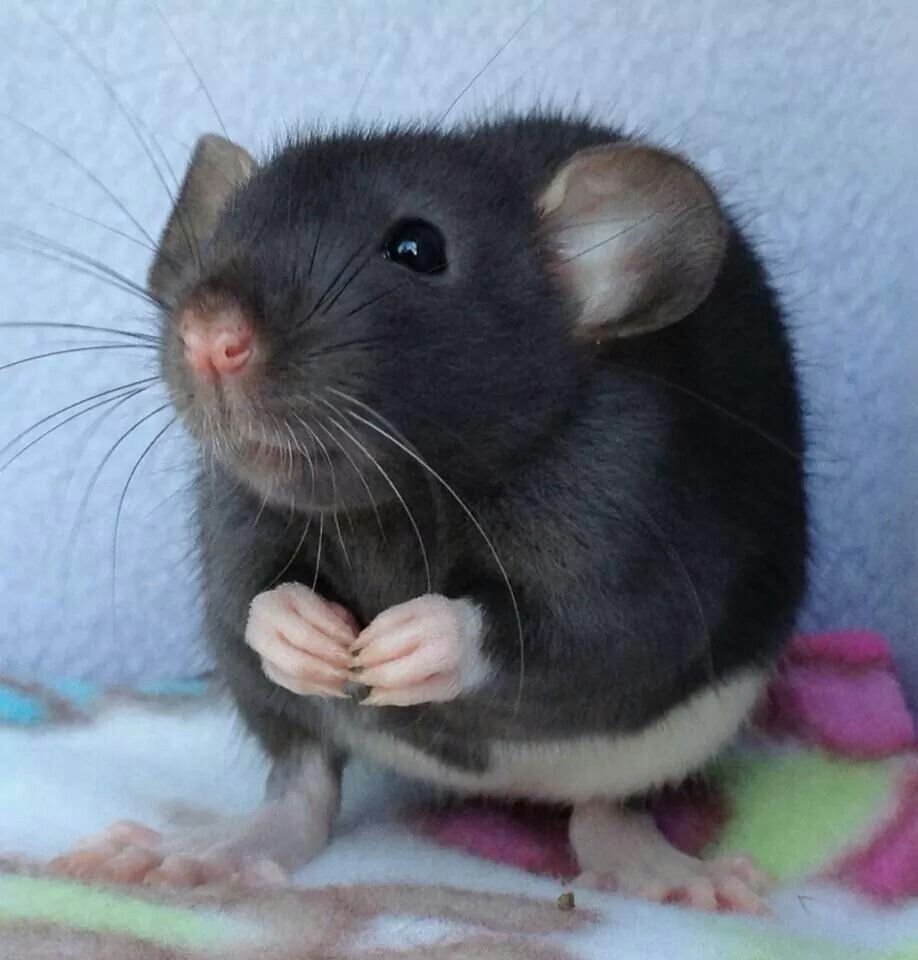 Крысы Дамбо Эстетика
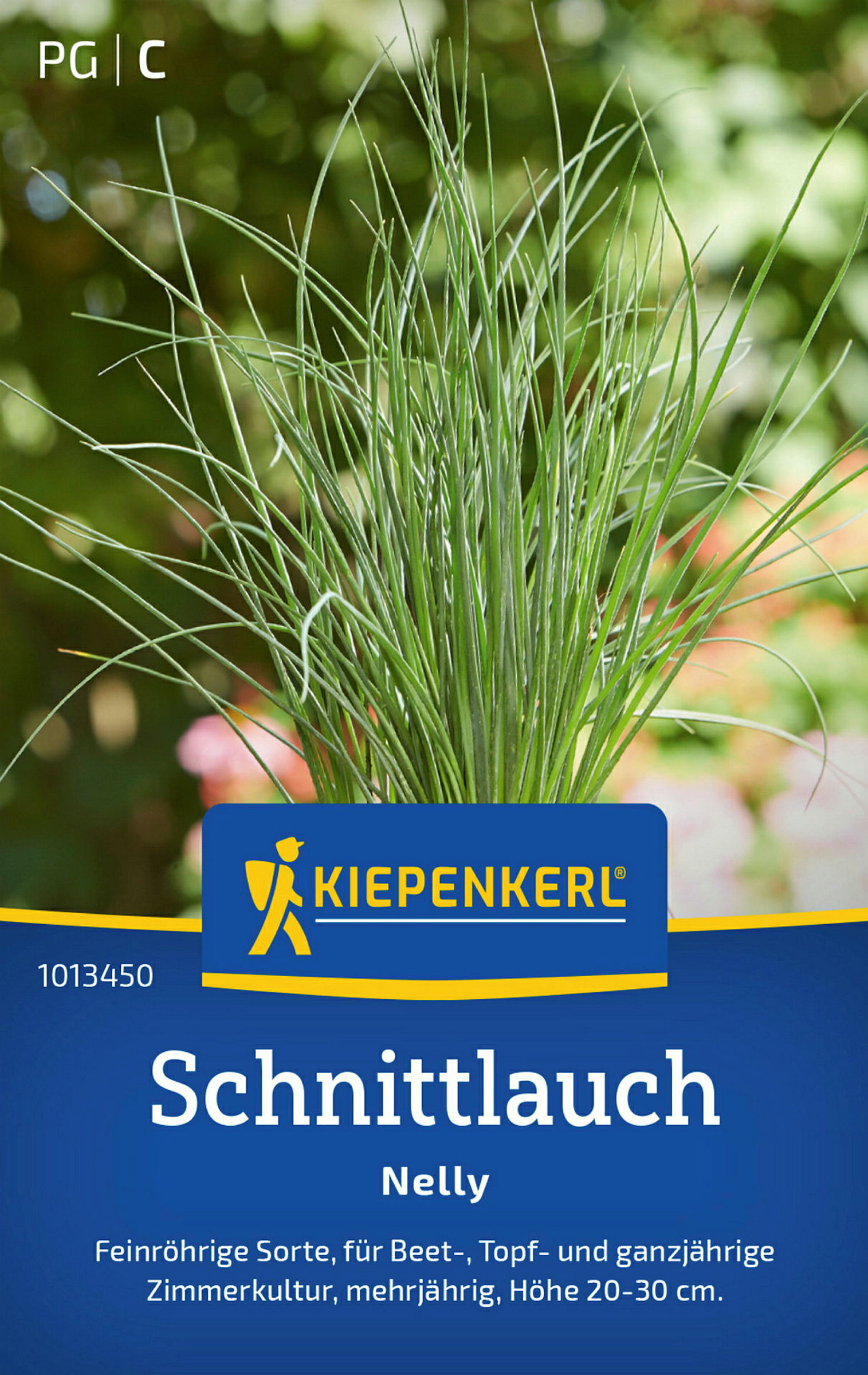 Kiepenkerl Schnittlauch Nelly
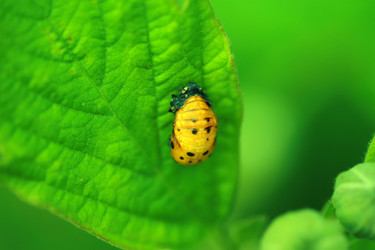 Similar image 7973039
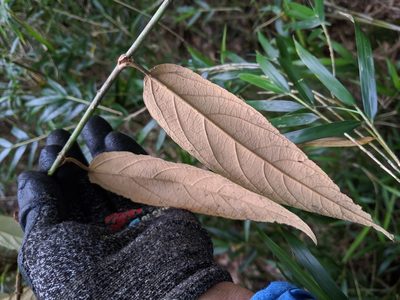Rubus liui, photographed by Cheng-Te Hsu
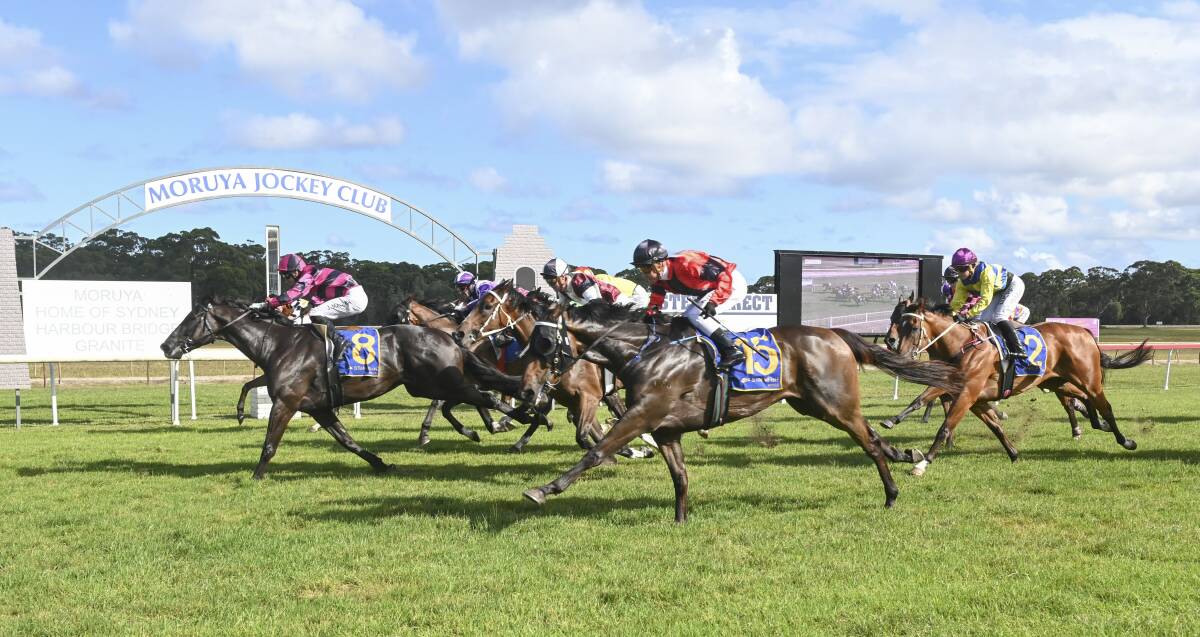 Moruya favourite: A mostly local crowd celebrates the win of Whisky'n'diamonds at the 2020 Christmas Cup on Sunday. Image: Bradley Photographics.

==========

→ WHAT IS NEEDED
All entries must be output unchanged, with every picture omitted.

→ FINISHED TASK
 Крысы Дамбо Эстетика
 Kiepenkerl Schnittlauch Nelly
 Similar image 7973039
Rubus liui, photographed by Cheng-Te Hsu
 Moruya favourite: A mostly local crowd celebrates the win of Whisky'n'diamonds at the 2020 Christmas Cup on Sunday. Image: Bradley Photographics.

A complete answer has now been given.